Without copying any picture, return all lines below exactly.

Data block:

★ ★ ★ ★

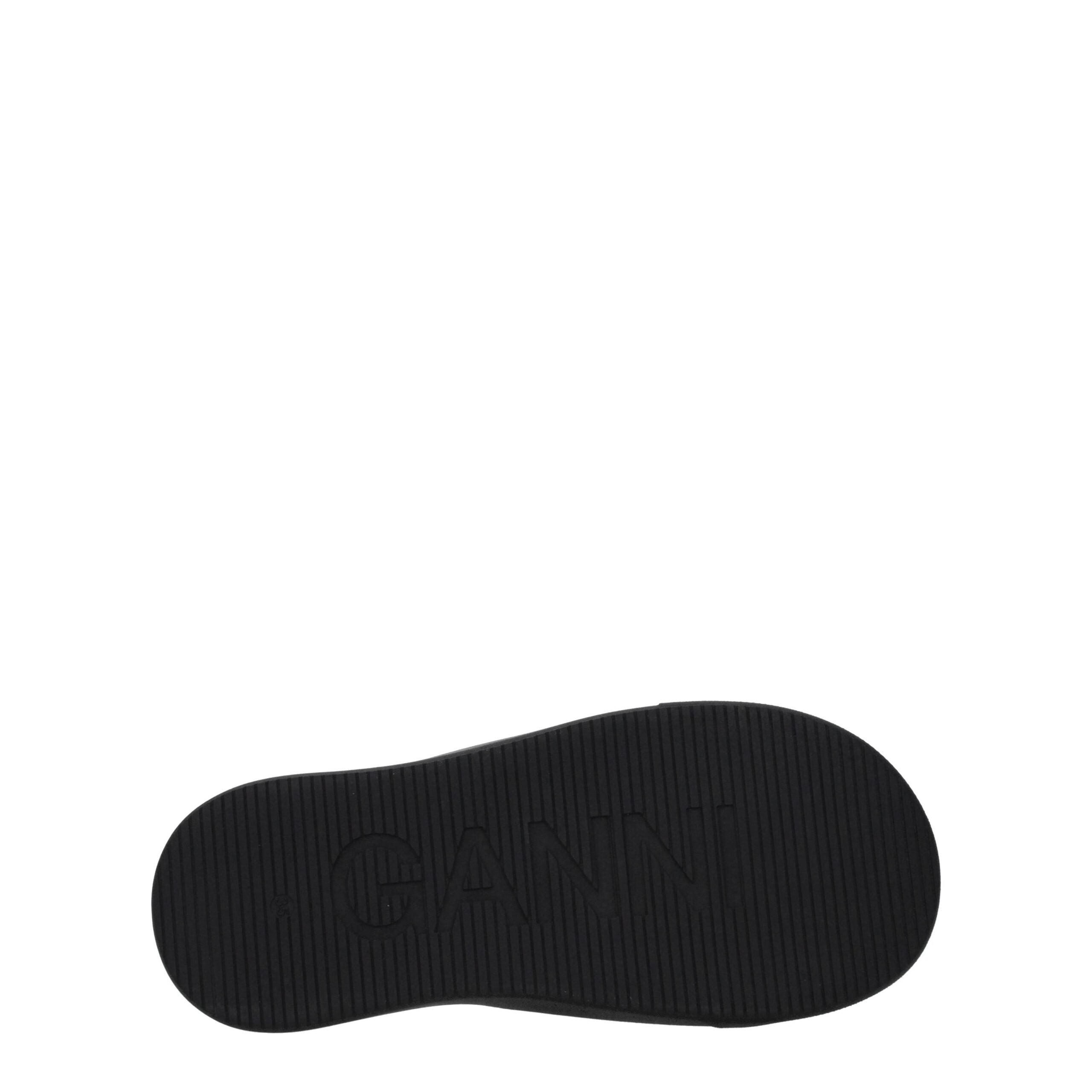 Ganni Black Polyethylene Slipper Ganni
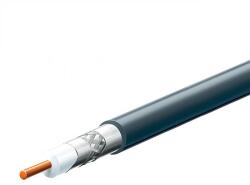 Somogyi Elektronic S 6TSV/BK koax kábel, 75 Ohm, PVC és PE szigetelés, réz bevonatú acél ér, alumínium + PET fólia 96 szál aluharisnya, 305m, fekete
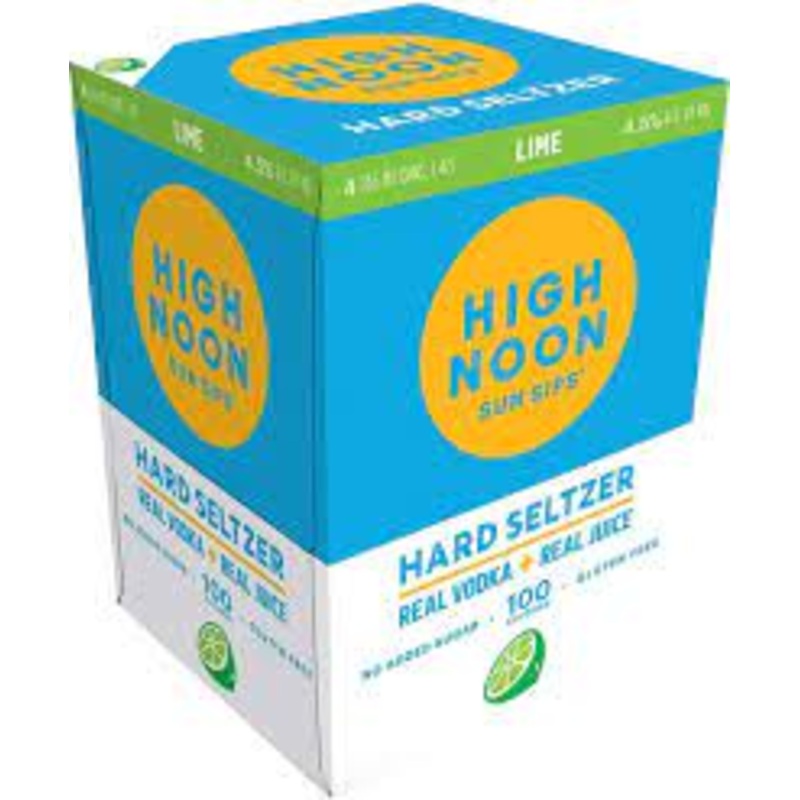 High Noon Hard Seltzer Lime 355ml 4Pack Can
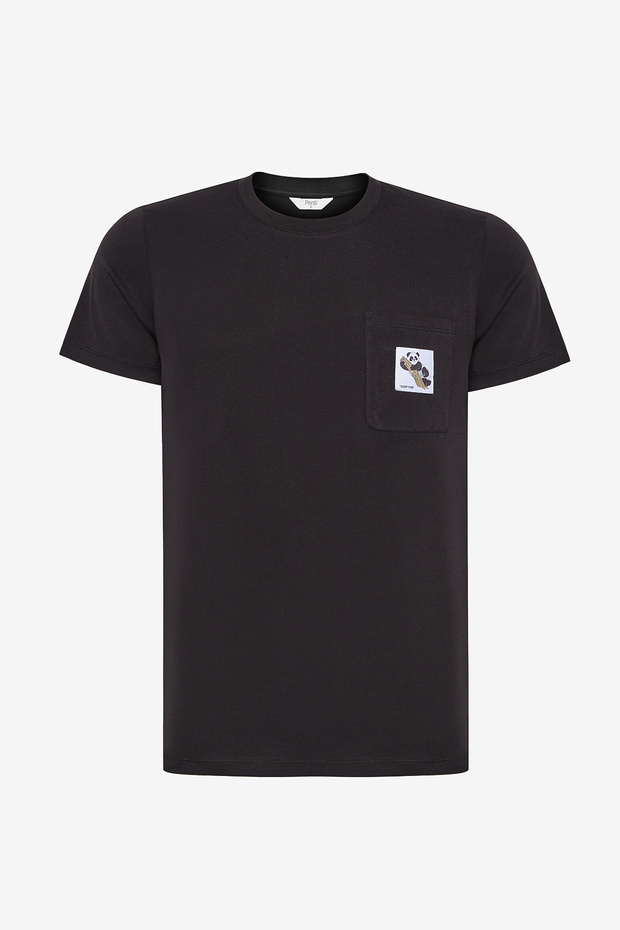 Panda Siyah Şort Pijama Takımı - 2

★ ★ ★ ★

Task response:
 Ganni Black Polyethylene Slipper Ganni
 Somogyi Elektronic S 6TSV/BK koax kábel, 75 Ohm, PVC és PE szigetelés, réz bevonatú acél ér, alumínium + PET fólia 96 szál aluharisnya, 305m, fekete
 High Noon Hard Seltzer Lime 355ml 4Pack Can
 Panda Siyah Şort Pijama Takımı - 2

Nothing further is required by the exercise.